Section F: Integration and Synthesis
Exercise 12.16 — Full MLOps Architecture for a New Model
Athena's marketing team has requested a model that predicts which customers will respond to a promotional email campaign. The model should be run before each campaign (approximately twice per week) and should score all 2.1 million active customers, producing a ranked list of the top 200,000 most likely responders.
Design the full MLOps architecture for this model, addressing: a) Serving pattern and justification b) Feature engineering approach (considering existing features in Athena's feature store) c) Model packaging and deployment strategy d) Monitoring plan (all four levels) e) Retraining strategy f) Integration with Athena's existing MLOps infrastructure (Level 1) g) Cost estimate (order of magnitude) and ROI justification
Exercise 12.17 — Cross-Chapter Integration: From Problem to Production
Trace the complete journey of Athena's churn prediction model from inception to production, referencing specific concepts from each chapter:
a) How was the problem framed? (Chapter 6 — ML Canvas, Five Questions) b) What model type was selected and why? (Chapter 7 — classification) c) How was the model evaluated? (Chapter 11 — business-aligned metrics) d) How was it deployed and monitored? (Chapter 12 — MLOps)

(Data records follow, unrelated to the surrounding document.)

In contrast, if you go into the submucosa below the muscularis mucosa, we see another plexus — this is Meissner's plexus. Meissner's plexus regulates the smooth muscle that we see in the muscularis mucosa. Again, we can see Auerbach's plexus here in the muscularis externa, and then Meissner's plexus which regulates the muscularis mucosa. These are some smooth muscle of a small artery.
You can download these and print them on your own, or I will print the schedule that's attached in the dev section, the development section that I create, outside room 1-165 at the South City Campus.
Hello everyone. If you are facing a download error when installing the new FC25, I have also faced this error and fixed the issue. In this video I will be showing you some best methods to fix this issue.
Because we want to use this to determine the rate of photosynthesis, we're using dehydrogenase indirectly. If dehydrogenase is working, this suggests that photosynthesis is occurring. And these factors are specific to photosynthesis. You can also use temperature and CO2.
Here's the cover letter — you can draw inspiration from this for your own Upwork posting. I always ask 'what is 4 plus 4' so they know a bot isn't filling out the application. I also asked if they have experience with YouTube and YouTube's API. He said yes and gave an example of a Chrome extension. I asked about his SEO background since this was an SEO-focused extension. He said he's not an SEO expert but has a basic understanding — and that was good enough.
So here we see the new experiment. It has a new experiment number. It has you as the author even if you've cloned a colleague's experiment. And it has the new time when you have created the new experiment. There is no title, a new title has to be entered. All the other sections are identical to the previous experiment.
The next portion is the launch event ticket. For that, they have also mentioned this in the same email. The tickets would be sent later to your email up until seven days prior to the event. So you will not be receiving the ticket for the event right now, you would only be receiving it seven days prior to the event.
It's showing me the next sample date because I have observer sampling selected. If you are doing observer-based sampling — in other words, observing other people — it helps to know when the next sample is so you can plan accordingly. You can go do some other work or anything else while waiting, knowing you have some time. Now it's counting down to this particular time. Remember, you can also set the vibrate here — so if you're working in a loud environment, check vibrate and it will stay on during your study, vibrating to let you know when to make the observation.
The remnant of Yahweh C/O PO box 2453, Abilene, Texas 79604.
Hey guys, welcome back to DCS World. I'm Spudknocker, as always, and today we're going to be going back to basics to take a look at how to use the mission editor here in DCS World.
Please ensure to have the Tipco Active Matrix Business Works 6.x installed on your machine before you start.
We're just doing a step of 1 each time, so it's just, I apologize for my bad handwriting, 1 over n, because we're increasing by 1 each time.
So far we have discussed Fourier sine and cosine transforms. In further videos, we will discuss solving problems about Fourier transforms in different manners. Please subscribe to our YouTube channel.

For each stage, identify the key decision that was made, who made it, and what the alternative was. Then identify the single point in this journey where the project was most at risk of failure, and explain why.
Exercise 12.18 — MLOps Maturity Benchmarking
Research and compare the MLOps capabilities of three organizations: one in financial services, one in technology, and one in retail. (You may use publicly available case studies, conference talks, or blog posts.) For each organization, assess:
a) Their approximate MLOps maturity level b) The tools and platforms they use c) The team structure supporting MLOps d) Their model deployment frequency (how often they deploy new or updated models) e) Their key challenges and lessons learned
Synthesize your findings into a one-page comparison table and a two-paragraph analysis of common patterns and differences.
These exercises span the strategic, organizational, technical, and economic dimensions of MLOps. They are designed to be worked individually and discussed in groups. Exercises 12.5, 12.11, and 12.16 make excellent team projects. Exercise 12.15 can be run as a classroom simulation — assign roles (on-call engineer, team lead, data engineer, business stakeholder) and walk through the incident response in real time.